Un personaggio iconico
Luciano Spalletti è uno dei personaggi più iconoici della storia recente del calcio italiano. Le sue frasi e i suoi meme impazzano da anni sul web ma descrivono quella che è una persona sincera e che ama profondameente il calcio. Forse a volte anche troppo sincera, ma Luciano è questo, prendere o lasciare. Dopo il fallimento della parentesi in nazionale, la missione Juventus si preannuncia probabilmente l’ultima spiaggia della carriera dell’uomo di Certaldo.
Luciano Spalletti si racconta
Un paio di settimane fa, Luciano Spalletti si è raccontato al Festival dello Sport di Trento
“Per me è sempre stato fondamentale – ha spiegato – avere un buonissimo rapporto con i miei calciatori. Mi sono sentito un po’ un papà e li ho sempre difesi a spada tratta. Poi però bisogna stare attenti su tante cose ed essere degli equilibratori.” e ha proseguito. “Nessuno mi ha mai regalato nulla nella mia vita, ma ho sempre conquistato tutto da solo. Ad esempio, non ho mai avuto un procuratore nella mia carriera, né come calciatore, né tantomeno come allenatore”. Romeo Agresti ha rivelato un retroscena sulla trattative in corso tra Luciano Spalletti e la Juventus. In base a quello che è stato rivelato su 2Talks. “Vi svelo quello che Spalletti ha detto alla Juventus: «fatemi il contratto che volete, sono io che devo dimostrarvi sul campo di meritare la conferma, se non sarò all’altezza sarà giusto andare a casa»”.
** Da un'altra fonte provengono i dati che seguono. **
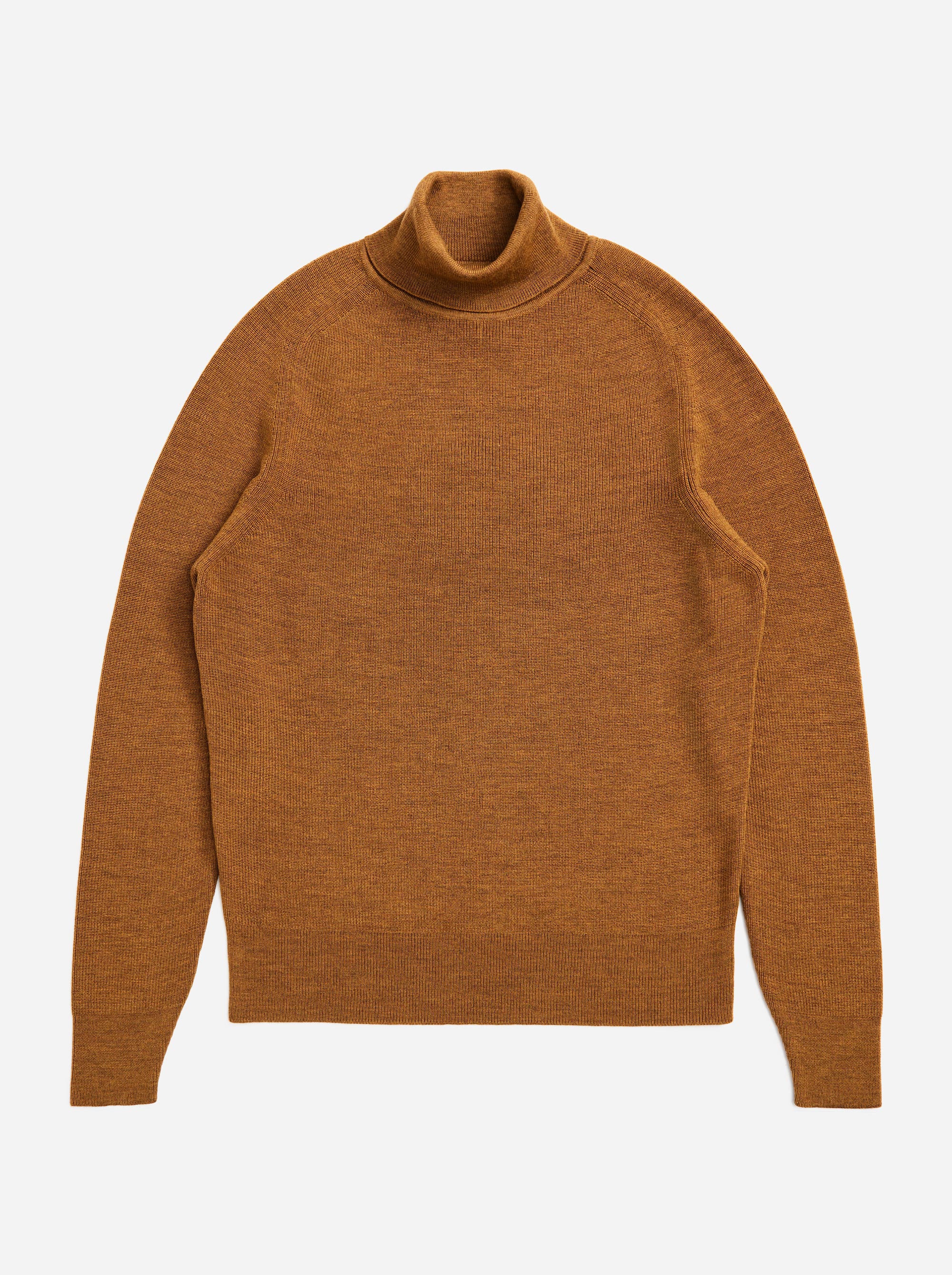 Teym - Turtleneck - The Merino Sweater - Men - Mustard - 5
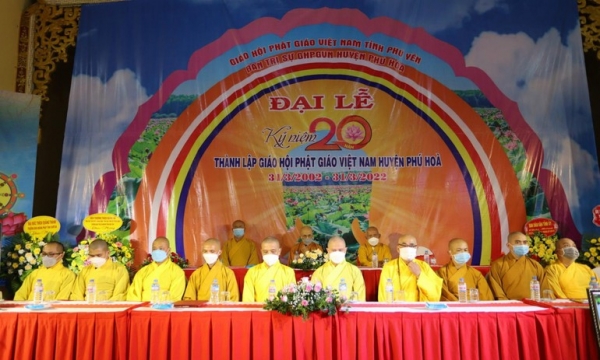 Phú Yên: Kỷ niệm 20 năm thành lập Giáo hội Phật giáo huyện Phú Hòa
Come potrebbe giocare la Juve di Luciano?
Gazzetta dello Sport ha analizzato in questi giorni le possibili soluzioni tattiche attuabili dalla Juventus di Spalletti.
Spalletti ha esaltato fior di fantasisti e attaccanti e partendo dalla luce di Yildiz potrebbe disegnare un 4-2-3-1 con l’ex Bayern a ballare alle spalle di Jonathan David (o Vlahovic) e due ali ai fianchi: una da uno contro uno (Conceicao) e una d’equilibrio (McKennie). Il rapporto con Manuel Locatelli sarebbe da ricreare dopo gli alti e bassi azzurri, ma Teun Koopmeiners è un giocatore che avrebbe voluto con sé già a Napoli quando il ds era Cristiano Giuntoli. Khephren Thuram potrebbe diventare una versione bianconera dell’Anguissa napoletano.
Spalletti potrebbe sfruttare l’abilità con i piedi del portiere Michele Di Gregorio e registrare al meglio il muro difensivo (in Nazionale ha già lavorato con Gatti e Cambiaso), crollato nelle ultime settimane come la pericolosità offensiva: i bianconeri hanno subito 4 reti nelle ultime 3 partite (tutte perse) e sono a secco da quattro gare. Le punte non esultano dal 16 settembre e dalla doppietta di Dusan Vlahovic al Borussia Dortmund.